3. Priority of Secured Debt
The last defense raised by defendants is that the secured debt of the Subordinated Creditors comes ahead of North Hill's judgment lien. However, defendants provide no evidence that any debt held by the Subordinated Creditors was perfected, such as copies of filed UCC-1s. Indeed, plaintiff asserts that a search uncovered no filed UCC-1s by the Subordinated Creditors (see Gross aff, ¶ 10). An unperfected lien comes behind a judgment lien (see Matter of Citibank v Prime Motor Inns Ltd. Partnership, 98 NY2d 743, 744-745 [2002]; Commissioners of State Ins. Fund v Isis Staffing Solutions, Inc., 2010 WL 1733477, 2010 NY Slip Op 30976[U] [Sup Ct, NY County 2010]). Here, North Hill filed its transcript of judgment in Westchester County on October 8, 2014 (see Gross aff, exhibit 5).
In addition, in making this argument, defendants ignore the fact that corporate insiders do not have the right to pay the debts owed to entities owned by them in preference to obligations owed to third party creditors:
"Under New York law, directors of an insolvent corporation have a duty not to divest the corporation of assets without offering creditors an opportunity to present and enforce their claims. This duty exists to ensure that directors do not divert the insolvent corporation's assets improperly in a manner designed to benefit themselves or a particular stockholder, thereby subverting the rights of other creditors"(Brenner v Phillips, Appel & Walden, Inc., 1997 WL33471053, * 6 [SD NY 1997] [internal citations omitted]).
Finally, this defense is contrary to the terms of the Subordination Agreement, in which the Subordinated Creditors agreed to subordinate their secured debt to the debt of North Hill, and ignores the provision of the Guaranty which treats the secured debt owed by CBC to the Subordinated Creditors as equity, not debt.
Accordingly, defendants' motion for summary judgment is denied.
Plaintiff's Motion for Summary Judgment (Motion Sequence No. 002)
Plaintiff moves for summary judgment on the claims for specific performance on the Guaranty and the Subordination Agreement. Plaintiff also seeks summary judgment for the constructive fraudulent conveyance and intentional fraudulent conveyance claims under the DCL. Finally, plaintiff argues that the Amincor entities are liable as alter egos of the Capstone entities.
1. Specific Performance of the Guaranty (First Cause of Action)
Section 5 of the Guaranty establishes restrictions on CBC's asset transfers which barred CBC from making or permitting "any substantial diminution" in its net worth, or from selling, mortgaging or pledging any "material portion" of its property without North Hill's written consent.
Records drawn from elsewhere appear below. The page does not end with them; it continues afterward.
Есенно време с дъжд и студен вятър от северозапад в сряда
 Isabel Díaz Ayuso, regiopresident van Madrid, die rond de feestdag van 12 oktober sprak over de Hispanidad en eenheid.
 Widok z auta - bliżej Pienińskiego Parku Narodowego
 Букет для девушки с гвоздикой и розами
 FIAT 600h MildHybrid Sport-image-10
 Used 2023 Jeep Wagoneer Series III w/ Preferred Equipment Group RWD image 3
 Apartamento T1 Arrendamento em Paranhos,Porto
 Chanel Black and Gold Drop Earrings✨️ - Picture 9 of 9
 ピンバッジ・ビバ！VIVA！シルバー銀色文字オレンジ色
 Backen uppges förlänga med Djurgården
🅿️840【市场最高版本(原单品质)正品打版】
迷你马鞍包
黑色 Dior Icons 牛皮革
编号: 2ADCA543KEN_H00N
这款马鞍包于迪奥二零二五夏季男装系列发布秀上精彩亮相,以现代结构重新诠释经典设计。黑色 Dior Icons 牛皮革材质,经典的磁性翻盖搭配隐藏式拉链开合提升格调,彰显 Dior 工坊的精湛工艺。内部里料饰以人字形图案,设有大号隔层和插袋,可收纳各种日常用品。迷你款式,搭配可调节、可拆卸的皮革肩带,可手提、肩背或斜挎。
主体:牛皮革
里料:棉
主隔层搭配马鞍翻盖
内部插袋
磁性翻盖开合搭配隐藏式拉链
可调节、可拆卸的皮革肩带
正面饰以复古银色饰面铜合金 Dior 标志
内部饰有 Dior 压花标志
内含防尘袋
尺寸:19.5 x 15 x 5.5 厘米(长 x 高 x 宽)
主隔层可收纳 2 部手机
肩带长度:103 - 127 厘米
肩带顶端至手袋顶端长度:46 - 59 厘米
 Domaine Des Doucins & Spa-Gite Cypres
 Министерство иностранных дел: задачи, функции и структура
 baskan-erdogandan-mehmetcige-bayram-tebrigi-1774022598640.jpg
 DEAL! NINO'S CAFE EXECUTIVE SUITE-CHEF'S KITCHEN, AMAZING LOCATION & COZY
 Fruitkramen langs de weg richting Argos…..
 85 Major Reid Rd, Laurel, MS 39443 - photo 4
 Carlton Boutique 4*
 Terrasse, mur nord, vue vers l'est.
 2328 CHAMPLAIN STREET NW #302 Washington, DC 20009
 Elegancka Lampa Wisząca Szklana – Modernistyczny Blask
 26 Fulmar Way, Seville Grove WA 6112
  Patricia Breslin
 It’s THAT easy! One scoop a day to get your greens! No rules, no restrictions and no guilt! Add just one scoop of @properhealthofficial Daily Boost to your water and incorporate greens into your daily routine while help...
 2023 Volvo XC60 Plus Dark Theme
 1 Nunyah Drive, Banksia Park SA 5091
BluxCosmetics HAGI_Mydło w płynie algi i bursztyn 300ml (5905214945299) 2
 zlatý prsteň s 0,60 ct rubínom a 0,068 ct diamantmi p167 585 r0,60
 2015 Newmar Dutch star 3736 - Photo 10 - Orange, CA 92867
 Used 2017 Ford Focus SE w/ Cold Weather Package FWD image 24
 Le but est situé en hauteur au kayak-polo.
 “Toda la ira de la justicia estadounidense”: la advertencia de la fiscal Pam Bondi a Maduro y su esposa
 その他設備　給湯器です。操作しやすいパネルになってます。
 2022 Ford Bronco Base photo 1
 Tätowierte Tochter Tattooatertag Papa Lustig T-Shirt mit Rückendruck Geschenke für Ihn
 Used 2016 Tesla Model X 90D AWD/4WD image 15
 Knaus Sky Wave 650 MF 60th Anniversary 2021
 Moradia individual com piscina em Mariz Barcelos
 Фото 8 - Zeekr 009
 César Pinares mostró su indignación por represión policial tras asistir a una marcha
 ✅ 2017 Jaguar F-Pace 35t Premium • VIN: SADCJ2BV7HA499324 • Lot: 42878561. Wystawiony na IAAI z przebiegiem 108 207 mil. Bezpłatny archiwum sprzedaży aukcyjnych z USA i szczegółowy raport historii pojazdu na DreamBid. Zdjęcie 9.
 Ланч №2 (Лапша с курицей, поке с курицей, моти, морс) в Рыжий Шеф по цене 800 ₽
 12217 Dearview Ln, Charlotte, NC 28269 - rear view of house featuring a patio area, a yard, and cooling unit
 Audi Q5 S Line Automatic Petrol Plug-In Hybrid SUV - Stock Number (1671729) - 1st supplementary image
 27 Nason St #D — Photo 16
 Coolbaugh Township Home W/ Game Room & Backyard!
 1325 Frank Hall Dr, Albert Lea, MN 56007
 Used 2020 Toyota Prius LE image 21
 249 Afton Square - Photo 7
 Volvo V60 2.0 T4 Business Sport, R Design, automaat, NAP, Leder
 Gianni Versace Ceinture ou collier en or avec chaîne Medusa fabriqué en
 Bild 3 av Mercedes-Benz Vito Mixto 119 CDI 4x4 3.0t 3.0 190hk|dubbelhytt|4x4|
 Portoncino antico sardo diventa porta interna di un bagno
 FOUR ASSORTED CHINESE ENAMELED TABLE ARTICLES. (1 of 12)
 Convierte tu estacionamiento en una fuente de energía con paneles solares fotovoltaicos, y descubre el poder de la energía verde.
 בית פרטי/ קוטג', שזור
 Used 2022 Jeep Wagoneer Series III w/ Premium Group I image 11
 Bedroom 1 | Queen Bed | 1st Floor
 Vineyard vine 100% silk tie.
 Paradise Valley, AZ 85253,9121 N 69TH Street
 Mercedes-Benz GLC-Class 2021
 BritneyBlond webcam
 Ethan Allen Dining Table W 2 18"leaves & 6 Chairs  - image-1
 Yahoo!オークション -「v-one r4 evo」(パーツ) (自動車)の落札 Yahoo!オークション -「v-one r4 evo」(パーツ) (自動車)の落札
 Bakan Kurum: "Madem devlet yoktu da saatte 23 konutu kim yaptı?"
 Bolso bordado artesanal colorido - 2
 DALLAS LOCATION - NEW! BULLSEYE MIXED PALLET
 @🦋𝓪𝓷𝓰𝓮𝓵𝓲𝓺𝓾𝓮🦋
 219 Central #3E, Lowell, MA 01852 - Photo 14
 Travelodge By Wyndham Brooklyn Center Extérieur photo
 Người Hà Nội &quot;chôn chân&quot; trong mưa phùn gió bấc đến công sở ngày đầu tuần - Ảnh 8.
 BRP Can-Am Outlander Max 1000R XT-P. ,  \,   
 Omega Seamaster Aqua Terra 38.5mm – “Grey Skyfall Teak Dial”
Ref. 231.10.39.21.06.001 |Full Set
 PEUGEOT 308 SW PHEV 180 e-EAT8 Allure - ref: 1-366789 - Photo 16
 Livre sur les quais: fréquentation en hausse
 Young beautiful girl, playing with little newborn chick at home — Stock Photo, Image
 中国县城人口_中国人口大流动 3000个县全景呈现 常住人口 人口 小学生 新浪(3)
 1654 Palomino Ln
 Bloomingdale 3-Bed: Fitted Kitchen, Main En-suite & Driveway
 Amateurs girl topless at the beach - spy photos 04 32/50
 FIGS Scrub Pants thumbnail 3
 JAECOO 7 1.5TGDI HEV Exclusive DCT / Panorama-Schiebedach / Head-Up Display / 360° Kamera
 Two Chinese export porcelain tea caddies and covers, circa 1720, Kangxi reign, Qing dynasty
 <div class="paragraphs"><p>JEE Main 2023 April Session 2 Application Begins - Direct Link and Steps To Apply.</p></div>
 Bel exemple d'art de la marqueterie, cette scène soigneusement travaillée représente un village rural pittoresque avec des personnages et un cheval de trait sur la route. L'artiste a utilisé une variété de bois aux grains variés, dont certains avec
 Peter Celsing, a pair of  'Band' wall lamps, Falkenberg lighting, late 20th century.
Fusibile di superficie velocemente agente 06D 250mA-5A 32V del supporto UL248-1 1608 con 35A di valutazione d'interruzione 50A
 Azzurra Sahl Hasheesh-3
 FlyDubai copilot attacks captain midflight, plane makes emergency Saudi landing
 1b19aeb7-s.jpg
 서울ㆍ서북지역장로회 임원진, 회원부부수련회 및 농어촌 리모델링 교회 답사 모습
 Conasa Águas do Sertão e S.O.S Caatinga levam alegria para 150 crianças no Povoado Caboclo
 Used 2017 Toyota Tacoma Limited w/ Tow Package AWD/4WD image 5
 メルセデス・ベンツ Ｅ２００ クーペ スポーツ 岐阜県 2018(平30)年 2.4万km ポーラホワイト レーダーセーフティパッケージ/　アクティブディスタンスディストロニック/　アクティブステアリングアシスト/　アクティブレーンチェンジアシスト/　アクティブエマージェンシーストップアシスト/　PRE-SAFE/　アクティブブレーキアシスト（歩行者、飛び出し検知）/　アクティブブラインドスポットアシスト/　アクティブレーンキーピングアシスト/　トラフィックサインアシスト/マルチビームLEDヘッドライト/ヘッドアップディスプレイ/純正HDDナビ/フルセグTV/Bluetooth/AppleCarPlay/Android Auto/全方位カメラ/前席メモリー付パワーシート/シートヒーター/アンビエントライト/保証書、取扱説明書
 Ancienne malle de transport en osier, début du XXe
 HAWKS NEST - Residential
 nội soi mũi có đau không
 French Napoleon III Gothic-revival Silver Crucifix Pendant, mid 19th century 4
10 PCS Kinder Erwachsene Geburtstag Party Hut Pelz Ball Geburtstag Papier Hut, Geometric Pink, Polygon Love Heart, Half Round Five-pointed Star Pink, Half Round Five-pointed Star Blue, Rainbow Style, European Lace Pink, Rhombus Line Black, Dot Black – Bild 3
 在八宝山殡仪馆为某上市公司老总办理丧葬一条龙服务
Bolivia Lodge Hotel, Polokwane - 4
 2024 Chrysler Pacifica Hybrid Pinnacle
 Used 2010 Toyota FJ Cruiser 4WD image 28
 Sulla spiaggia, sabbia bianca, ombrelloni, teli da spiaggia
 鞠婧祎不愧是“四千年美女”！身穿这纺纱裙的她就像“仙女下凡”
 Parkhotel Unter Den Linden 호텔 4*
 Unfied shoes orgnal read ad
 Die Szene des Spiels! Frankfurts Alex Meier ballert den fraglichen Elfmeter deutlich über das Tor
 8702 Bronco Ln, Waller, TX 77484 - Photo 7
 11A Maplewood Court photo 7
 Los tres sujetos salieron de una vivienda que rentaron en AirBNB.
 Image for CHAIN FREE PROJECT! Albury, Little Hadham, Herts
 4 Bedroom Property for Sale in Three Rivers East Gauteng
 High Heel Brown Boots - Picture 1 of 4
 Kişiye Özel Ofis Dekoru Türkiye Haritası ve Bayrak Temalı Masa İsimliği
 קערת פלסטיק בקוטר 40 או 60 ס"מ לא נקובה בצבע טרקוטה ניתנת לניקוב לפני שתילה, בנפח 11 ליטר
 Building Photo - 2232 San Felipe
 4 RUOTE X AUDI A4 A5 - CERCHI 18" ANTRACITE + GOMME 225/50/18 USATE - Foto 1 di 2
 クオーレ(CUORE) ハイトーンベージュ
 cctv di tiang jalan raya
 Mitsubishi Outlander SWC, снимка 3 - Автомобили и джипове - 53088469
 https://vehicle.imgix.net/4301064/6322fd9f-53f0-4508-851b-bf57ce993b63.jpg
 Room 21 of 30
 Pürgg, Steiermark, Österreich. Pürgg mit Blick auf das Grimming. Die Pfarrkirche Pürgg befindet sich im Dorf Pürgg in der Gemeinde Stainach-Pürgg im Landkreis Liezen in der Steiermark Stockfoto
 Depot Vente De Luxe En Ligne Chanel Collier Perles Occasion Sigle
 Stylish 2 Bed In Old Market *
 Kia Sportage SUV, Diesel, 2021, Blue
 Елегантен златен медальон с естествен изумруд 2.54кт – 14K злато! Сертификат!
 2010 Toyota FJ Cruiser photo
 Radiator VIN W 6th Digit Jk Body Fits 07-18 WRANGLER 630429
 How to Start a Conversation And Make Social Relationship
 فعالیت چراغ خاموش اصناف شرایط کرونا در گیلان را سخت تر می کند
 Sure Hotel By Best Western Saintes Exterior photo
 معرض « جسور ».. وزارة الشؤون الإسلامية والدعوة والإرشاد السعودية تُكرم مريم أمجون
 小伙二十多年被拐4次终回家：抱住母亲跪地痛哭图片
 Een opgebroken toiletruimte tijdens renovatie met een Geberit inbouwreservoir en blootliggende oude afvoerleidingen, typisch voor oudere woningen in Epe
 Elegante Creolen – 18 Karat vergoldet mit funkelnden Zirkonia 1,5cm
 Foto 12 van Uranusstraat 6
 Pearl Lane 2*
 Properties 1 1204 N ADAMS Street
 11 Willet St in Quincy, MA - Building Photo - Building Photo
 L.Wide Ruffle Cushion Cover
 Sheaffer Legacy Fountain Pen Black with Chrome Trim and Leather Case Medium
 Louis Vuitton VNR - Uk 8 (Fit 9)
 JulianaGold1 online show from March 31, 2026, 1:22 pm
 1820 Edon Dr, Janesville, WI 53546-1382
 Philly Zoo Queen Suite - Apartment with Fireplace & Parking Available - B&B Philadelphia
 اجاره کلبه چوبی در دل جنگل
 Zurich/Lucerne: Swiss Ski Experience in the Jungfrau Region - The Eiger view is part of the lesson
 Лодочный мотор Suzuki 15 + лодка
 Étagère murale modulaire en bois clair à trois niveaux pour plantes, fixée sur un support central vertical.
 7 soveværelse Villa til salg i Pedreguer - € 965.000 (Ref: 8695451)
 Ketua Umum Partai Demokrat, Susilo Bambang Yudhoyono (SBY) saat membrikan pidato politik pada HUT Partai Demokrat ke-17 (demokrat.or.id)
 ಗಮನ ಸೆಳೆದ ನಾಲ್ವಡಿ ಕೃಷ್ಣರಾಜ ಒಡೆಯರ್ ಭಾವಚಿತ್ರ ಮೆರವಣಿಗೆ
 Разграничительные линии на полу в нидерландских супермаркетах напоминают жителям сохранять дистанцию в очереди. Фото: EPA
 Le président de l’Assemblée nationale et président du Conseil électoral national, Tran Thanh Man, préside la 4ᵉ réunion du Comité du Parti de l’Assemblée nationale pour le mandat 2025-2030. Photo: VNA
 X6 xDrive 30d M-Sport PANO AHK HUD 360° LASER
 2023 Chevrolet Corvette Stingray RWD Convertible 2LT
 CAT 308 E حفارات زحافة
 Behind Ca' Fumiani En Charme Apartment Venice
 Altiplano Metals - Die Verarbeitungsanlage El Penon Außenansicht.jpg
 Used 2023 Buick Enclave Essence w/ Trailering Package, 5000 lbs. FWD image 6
Summary judgment on the first cause of action for specific performance of the Guaranty is granted. It is clear that, by giving away all of its assets to Amincor/Amincor Other, CBC suffered a "substantial diminution" in net worth, and that this asset transfer constituted a sale without North Hill's consent. Defendants present no evidence that CBC obtained North Hill's written consent before allowing the Pelham Manor Property to be deeded to Amincor. Thus, this transaction was a direct violation of the Guaranty.
Although defendants argue that there was no diminution because Amincor simultaneously assumed the Subordinated Debt, the court rejects this argument. There was no release or other instrument relieving CBC of the debt owed to the Subordinated Creditors. The parties "did not demonstrate an unequivocal intention to extinguish the prior obligation . . . and to replace it with the new obligation personally assumed by [the] defendant" (Meyersohn v Bloom, 259 AD2d 432, 433 [1st Dept 1999]).
Accordingly, North Hill is entitled to specific performance of the Guaranty. The Guaranty was a binding contract, North Hill fulfilled its obligations by making the loan, Amincor Other is capable of returning the Pelham Manor Property to CBC, and North Hill has no adequate remedy at law under the Guaranty against CBC, because CBC is judgment proof (see Matter of Lamberti v Angiollilo, 73 AD3d 463, 464 [1st Dept 2010] ["the court properly placed the parties, to the extent possible, in the positions they would have occupied had the contract been performed according to its terms, granting no party superior right, then would have been enjoyed had there been proper performance"]; see also Aquaella v Harvey, 69 Misc 2d 606, 610 [Sup Ct, Monroe County 1972] [granting specific performance of guaranty]).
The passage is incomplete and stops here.